Brian John Preston is the Chief Judge of the Land and Environment Court of New South Wales. He was appointed on 14 November 2005.

==Career==
Brian John Preston graduated LLB from Macquarie University in 1982.

==Career==
Preston practised as a solicitor from 1982 to 1987, and as a barrister from 1987 to 2005.

He began his career at Stephen Jaques & Stephen, in the firm's resources group, then became associate to Mr Justice O’Leary of the Supreme Court of the Northern Territory.

Preston was principal solicitor at the Environmental Defender's Office NSW from March 1985, overseeing its official opening in May that year.

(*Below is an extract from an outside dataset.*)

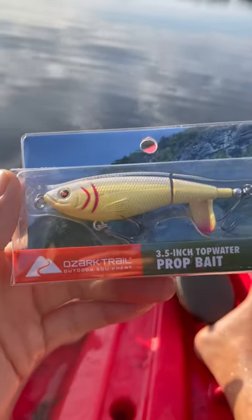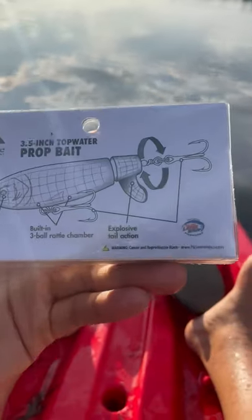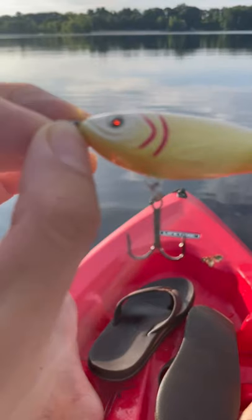I've been dying to fish this lure, but it's been sold out in all the Walmarts around me for as long as I can remember. Look, they even have Eagle Claw hooks. Only one thing left to do — get it in the water.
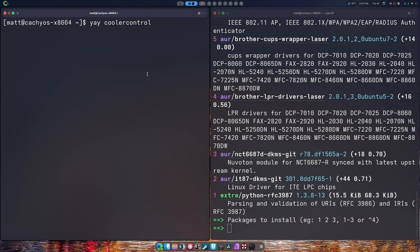Hey guys, it's been a while since I've covered Cooler Control and I've realized that the UI has changed a lot. I'm going to just jump right into all of that and we're going to kind of hope for the best.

He was appointed a senior counsel (SC) by the NSW Bar Association in 1999.

On 14 November 2005, Preston was appointed Chief Judge in the Land and Environment Court of New South Wales.

==Recognition and awards==
In 2010 Preston received an award from the Asian Environmental Compliance and Enforcement Network (AECEN) for his environmental work.

In February 2018 the Governor of New South Wales, General David Hurley, promulgated the election of Preston as a Fellow of the Royal Society of New South Wales in the NSW Government Gazette.

In 2018 Preston received an honorary Doctor of Letters from his alma mater Macquarie University, and in 2022 an honorary Doctor of Laws from Western Sydney University. He is also an adjunct professor at the Sydney, Southern Cross, and Western Sydney Universities.

He was awarded the Medal of Honor by the World Jurist Association in 2023.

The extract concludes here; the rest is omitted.